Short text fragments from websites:
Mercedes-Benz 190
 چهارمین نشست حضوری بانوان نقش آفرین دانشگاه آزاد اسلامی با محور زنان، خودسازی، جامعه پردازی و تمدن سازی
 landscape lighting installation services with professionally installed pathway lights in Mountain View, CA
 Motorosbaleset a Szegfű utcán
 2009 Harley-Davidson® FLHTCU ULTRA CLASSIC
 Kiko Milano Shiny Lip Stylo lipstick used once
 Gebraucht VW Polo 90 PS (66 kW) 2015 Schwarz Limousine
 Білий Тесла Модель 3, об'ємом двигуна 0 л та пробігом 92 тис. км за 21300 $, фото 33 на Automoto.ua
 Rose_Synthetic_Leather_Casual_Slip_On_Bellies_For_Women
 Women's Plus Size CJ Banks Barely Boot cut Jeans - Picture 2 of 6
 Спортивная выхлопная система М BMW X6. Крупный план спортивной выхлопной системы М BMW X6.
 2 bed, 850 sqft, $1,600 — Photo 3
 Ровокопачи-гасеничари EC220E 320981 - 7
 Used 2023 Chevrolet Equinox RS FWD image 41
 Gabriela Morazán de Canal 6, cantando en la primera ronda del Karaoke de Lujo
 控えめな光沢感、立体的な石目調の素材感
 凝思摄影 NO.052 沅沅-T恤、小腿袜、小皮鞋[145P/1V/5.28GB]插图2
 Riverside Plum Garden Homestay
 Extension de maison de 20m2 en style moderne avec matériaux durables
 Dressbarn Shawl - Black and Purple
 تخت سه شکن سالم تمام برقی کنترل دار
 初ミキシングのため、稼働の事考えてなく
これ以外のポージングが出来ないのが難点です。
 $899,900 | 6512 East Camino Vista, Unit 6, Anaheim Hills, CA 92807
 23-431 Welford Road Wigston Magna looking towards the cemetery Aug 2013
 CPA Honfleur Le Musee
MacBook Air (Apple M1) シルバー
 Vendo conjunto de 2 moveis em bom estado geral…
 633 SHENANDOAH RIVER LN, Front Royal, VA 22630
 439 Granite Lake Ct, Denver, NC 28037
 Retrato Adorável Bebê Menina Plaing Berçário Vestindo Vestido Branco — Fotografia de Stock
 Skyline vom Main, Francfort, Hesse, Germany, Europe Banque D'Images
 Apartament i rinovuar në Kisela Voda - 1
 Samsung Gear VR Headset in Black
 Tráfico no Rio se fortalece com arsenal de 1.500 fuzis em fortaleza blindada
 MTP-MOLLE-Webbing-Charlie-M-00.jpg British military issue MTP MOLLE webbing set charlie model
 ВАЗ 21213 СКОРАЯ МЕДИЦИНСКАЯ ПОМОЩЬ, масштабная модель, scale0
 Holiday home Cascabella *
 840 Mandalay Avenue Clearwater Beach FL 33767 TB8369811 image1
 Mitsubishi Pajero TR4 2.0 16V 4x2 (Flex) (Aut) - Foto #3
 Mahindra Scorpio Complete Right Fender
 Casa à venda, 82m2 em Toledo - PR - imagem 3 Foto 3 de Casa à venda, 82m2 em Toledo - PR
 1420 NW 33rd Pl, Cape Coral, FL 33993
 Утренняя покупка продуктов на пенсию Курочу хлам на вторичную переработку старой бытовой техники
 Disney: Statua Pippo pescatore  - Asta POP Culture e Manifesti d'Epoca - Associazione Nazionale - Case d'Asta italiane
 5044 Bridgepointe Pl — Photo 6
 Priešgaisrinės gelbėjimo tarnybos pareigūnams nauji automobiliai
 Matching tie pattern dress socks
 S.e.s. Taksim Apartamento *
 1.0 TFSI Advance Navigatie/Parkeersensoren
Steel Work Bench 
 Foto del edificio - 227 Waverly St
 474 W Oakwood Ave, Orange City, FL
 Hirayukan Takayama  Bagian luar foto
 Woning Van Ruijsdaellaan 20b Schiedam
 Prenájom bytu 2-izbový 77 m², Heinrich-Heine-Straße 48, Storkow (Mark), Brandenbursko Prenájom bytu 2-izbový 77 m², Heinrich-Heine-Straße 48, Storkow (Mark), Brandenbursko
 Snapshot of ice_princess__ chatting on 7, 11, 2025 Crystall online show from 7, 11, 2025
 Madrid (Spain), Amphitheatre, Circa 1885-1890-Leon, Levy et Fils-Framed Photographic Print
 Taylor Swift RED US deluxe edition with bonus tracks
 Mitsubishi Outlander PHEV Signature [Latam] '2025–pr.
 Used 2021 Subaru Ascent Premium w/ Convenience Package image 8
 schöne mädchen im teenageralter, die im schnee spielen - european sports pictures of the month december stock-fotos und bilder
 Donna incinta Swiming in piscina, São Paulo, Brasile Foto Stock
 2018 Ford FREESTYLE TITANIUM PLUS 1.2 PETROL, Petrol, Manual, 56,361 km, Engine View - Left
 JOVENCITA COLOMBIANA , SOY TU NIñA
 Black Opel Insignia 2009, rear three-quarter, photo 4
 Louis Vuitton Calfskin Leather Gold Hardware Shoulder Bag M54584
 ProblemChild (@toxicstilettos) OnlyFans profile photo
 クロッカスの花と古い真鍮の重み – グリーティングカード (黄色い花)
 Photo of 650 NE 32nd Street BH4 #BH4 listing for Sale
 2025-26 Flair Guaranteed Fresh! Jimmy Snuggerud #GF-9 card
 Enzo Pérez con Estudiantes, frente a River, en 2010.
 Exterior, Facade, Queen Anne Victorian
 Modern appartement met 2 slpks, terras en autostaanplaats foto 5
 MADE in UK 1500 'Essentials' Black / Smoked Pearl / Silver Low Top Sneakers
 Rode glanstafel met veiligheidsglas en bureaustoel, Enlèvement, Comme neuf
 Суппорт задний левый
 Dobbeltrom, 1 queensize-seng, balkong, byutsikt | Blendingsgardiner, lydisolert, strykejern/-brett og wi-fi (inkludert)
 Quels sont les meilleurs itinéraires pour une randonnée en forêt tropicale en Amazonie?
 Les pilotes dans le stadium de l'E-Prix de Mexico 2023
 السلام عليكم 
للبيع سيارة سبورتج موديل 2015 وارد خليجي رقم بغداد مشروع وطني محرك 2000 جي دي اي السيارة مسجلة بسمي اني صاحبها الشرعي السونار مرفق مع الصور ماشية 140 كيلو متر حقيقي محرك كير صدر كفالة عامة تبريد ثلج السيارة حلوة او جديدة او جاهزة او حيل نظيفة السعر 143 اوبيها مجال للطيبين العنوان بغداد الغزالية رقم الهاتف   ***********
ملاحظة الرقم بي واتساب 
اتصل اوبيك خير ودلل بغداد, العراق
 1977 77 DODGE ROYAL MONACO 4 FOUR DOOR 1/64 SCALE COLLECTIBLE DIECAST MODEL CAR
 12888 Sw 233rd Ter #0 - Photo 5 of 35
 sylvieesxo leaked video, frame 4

**WHAT YOU ARE ASKED TO DO**
If a line in the records above contains the string "with", copy that line out.

**EXERCISE OUTPUT**
 landscape lighting installation services with professionally installed pathway lights in Mountain View, CA
 Taylor Swift RED US deluxe edition with bonus tracks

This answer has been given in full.